1991 PUP wins five of seven town board elections. Belize celebrates ten years of independence. Guatemala recognizes Belize as an independent state but territorial dispute remains unsettled.
1991 Disatisfaction from the public with party politics and failed parliamentary rule. First Civics and Government book sent to High Schools through Belize, pointing out, Belize was NOT A DEMOCRACY! Seven more Civics and Government books published and mailed to High Schools and civic leaders and politicians, outlining problems with the governing political setup of the Belize Constitution over the next five years.
1992 Bipartisan support for Maritime Areas Bill collapses in the face of internal UDP dissension, bill aimed at resolving territorial dispute passes National Assembly with PUP backing.
1992 The main newspapers, the Amandala and The Reporter take up articles on revision of the Belize Constitution, seeking de-centralization and democracy.

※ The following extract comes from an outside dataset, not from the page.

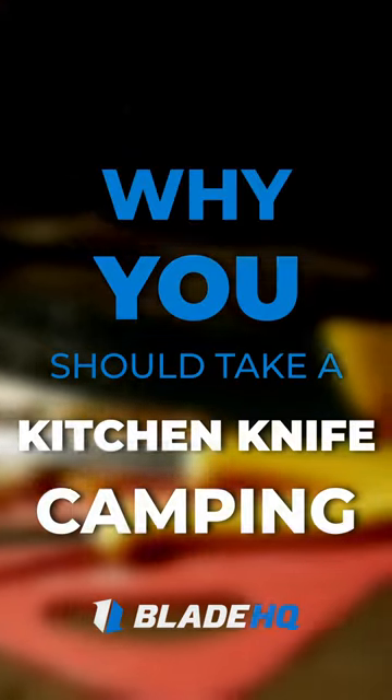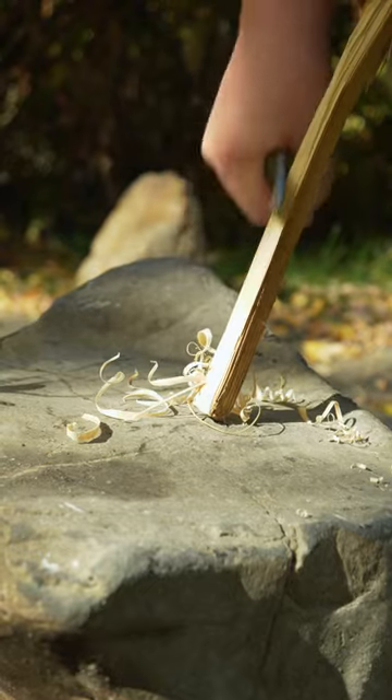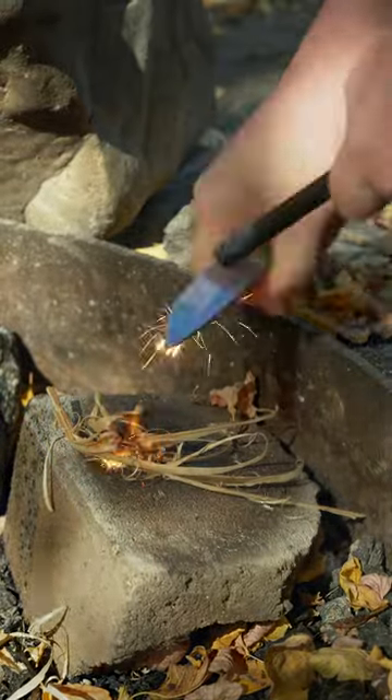Here's why you should take a kitchen knife camping. Your camp knife is great for woodcraft and fire making. Its thicker blade can handle splitting and hard carving, and when making feather sticks, that thickness makes your shavings curl. Those curls are much better at catching sparks from a ferro rod, thus making fire.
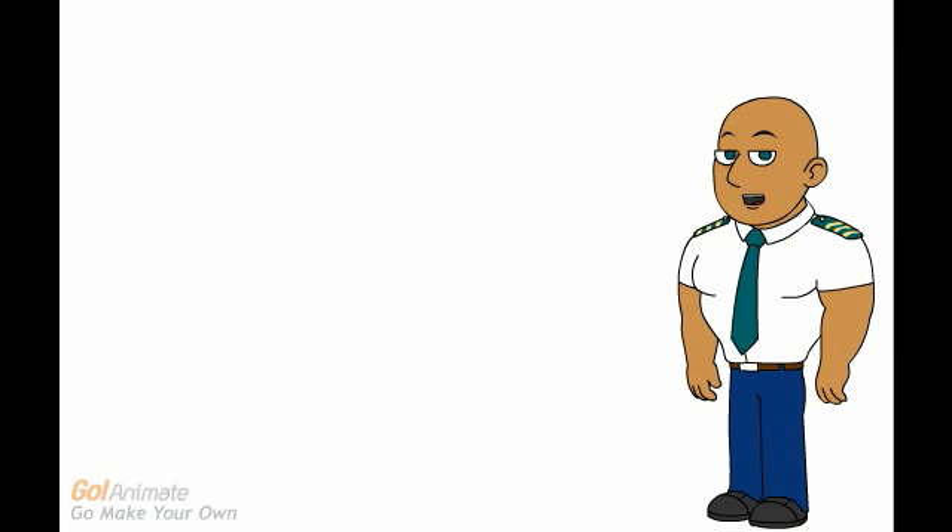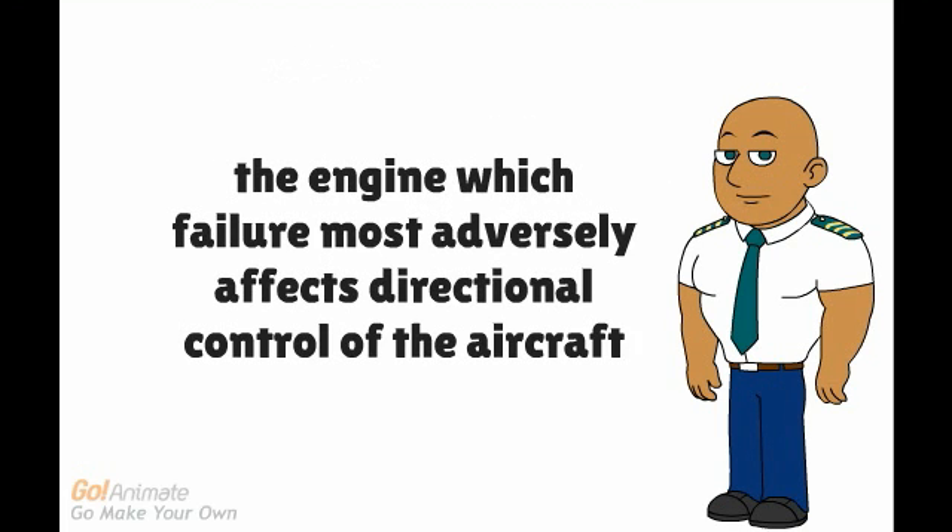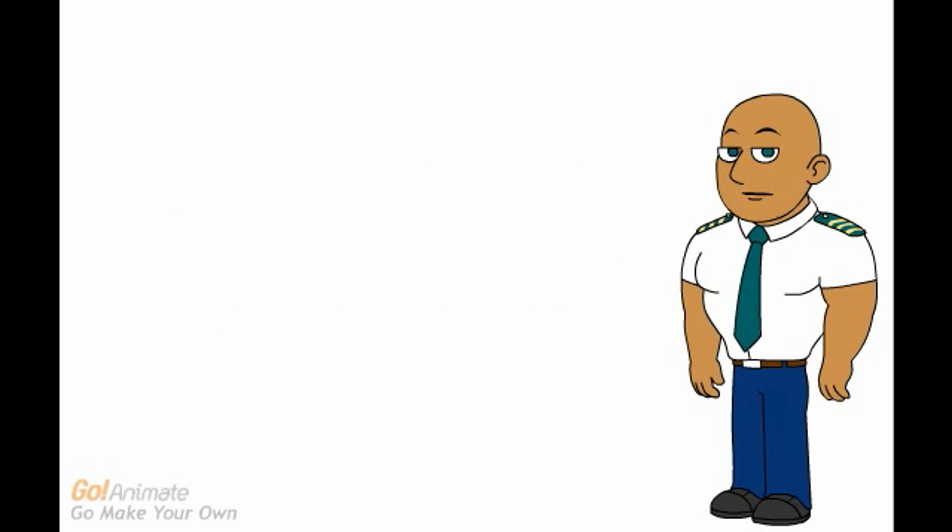Aircraft with propellers rotating in the same direction have a critical engine. The engine whose failure most adversely affects directional control of the aircraft is critical. When one engine fails, the aircraft will yaw in the direction of the inoperative engine.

1993 British government announces withdrawal of troops and end to security guarantee. PUP calls early elections for June 30 and narrowly loses to UDP (16 to 13 seats). Esquivel returns as Prime Minister. Negotiations with Guatemala collapse due to Serrano's problems.
1994 UDP wins all seven town board elections. British troops complete withdrawal.
1995 The Future of Belize is Yours To Make! Seventh edition of the Civics and Government series, hits the high schools and public. Much more comprehensive, it outlines problems with the governing system and suggested solutions.
1996 The Ketchi and Mopan Maya of the Toledo District seek international aid in fighting the paternal absentee northern Belizean politicians, who sell out their way of life to Asian exploitive lumber companies.
1997 The UDP Party in control of the country, under elected dictator Prime Minister Esquivel, with his rubber stamp Senate and Legislature, states his political party, will not de-centralize and want to retain strong party control and centralization of the government system.
1998 The UDP Party lose the five year national elections in a landslide, to a protest vote, based on failed Political Reform of the Belize Constitution. The PUP win and promise to change the way Belize is governed, with wider dispersal of political power and policy making. Checks and balances are suggested from many sources, to elected dictatorial rule by winning party Ministers of the Cabinet. By now, there are several Civics books out and various booklets outlining democratic changes to the way Belize should be governed. The PUP form many study committees to research the situation of turning Belize into a democracy.